Strengths and Limitations
This is the first experiment of its kind to measure feature listing responses, desire and consumption behavior among different dietary groups. However, the self-reports of retrospective consumption behavior may have been inaccurate or biased (Hagger et al., 2015), compared with observational data. Future research should investigate the relationship between diet, food representations, and consumption behavior without relying on retrospective self-report. Furthermore, we included the same 20 foods for all participants, some of which some participants had not consumed before. Future research could improve on this by presenting idiosyncratically-selected stimuli, such that participants are familiar with all stimuli. In addition, the plant-based dish names were chosen to be representative of how plant-based foods are often labeled in real-world settings, that is, “plant-based,” “meat-free,” or “vegan” (Bacon et al., 2018). Consequently, some of our plant-based dish names were less specific than others (e.g., “vegan lasagne” vs. “lentil daal”), which may have prompted participants to list more situation-independent features, especially ingredient and content information. Nonetheless, we controlled for individual dishes in our models. Finally, our research only included data from U.K. residents, which may limit the generalizability to other populations. However, the strong societal polarization within the United Kingdom (Duffy et al., 2019) made this a suitable context for this project.
Conclusion
In this paper, we found that participants use more consumption and reward features to describe diet-congruent foods than diet-incongruent foods, and these features predict desire, intentions, and future consumption.

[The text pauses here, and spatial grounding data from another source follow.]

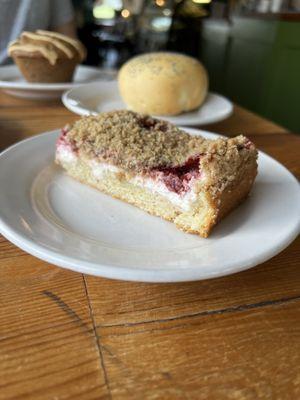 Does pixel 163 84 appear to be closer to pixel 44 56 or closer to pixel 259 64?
pixel 44 56

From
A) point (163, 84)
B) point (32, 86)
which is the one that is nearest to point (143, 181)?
point (163, 84)

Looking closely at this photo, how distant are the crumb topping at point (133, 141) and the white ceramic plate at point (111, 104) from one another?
258 millimetres

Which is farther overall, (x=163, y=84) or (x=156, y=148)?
(x=163, y=84)

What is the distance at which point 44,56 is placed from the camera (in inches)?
45.9

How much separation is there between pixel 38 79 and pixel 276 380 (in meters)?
1.14

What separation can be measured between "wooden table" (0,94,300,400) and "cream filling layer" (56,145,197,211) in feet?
0.51

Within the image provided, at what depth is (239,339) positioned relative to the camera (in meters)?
0.41

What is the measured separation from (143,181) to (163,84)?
0.49 meters

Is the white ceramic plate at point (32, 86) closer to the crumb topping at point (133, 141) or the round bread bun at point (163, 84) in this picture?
the round bread bun at point (163, 84)

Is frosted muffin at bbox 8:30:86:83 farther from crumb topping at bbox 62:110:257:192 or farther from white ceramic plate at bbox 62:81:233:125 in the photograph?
crumb topping at bbox 62:110:257:192

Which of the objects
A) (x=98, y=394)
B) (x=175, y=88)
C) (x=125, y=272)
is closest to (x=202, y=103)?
(x=175, y=88)

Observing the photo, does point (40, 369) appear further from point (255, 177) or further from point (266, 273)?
point (255, 177)

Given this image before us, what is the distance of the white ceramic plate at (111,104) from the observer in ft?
3.33

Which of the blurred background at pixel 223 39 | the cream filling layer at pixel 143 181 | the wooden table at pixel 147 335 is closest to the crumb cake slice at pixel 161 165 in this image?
the cream filling layer at pixel 143 181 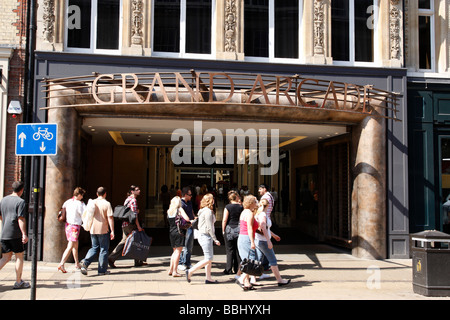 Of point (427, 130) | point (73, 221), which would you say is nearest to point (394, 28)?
point (427, 130)

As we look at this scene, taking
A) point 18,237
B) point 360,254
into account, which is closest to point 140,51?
point 18,237

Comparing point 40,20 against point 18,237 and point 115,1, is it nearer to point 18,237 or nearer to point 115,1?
point 115,1

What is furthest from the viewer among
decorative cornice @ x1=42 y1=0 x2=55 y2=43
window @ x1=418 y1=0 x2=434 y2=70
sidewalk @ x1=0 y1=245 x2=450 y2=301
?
window @ x1=418 y1=0 x2=434 y2=70

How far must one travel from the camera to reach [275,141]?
16188 mm

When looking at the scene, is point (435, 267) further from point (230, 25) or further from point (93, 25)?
point (93, 25)

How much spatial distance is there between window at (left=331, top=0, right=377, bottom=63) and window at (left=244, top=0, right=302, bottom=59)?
1.14 meters

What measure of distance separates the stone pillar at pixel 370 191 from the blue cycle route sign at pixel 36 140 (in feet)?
27.1

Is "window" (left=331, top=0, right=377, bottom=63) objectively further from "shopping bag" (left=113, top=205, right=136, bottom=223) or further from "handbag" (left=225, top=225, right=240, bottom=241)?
"shopping bag" (left=113, top=205, right=136, bottom=223)

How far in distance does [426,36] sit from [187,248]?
962cm

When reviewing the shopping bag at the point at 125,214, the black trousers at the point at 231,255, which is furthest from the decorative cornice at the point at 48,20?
the black trousers at the point at 231,255

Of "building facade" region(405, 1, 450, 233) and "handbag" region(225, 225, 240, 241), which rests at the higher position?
"building facade" region(405, 1, 450, 233)

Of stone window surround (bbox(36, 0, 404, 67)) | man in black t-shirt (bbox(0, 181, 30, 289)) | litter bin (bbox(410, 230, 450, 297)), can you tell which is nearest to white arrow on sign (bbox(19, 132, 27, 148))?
man in black t-shirt (bbox(0, 181, 30, 289))

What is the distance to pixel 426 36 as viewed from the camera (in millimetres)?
13516

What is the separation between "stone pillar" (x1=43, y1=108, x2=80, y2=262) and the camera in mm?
10461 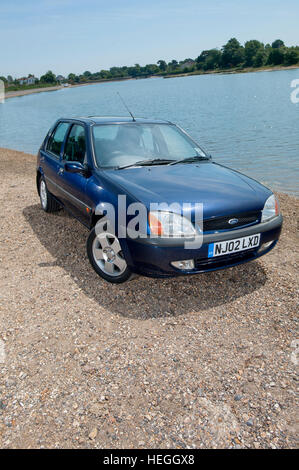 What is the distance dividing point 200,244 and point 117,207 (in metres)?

Representations of diet-congruent “ingroup” foods for both omnivores and vegans were characterized by short-term reward, while representations of diet-incongruent “outgroup” foods focused on abstract information and long-term consequences among omnivores, and social and political factors among vegans. Conceptualizing plant-based foods in terms of features separate to the consumption situation may impact mainstream consumer willingness to try sustainable alternatives. This work provides insights into the cognitive representations of foods that contribute to societal polarization around shifting diets to mitigate the climate emergency.
Footnotes
Declaration of Conflicting Interests
The author(s) declared no potential conflicts of interest with respect to the research, authorship, and/or publication of this article.
Funding
The author(s) disclosed receipt of the following financial support for the research, authorship, and/or publication of this article: This work was funded by ESRC Research Grant ES/P000681/1.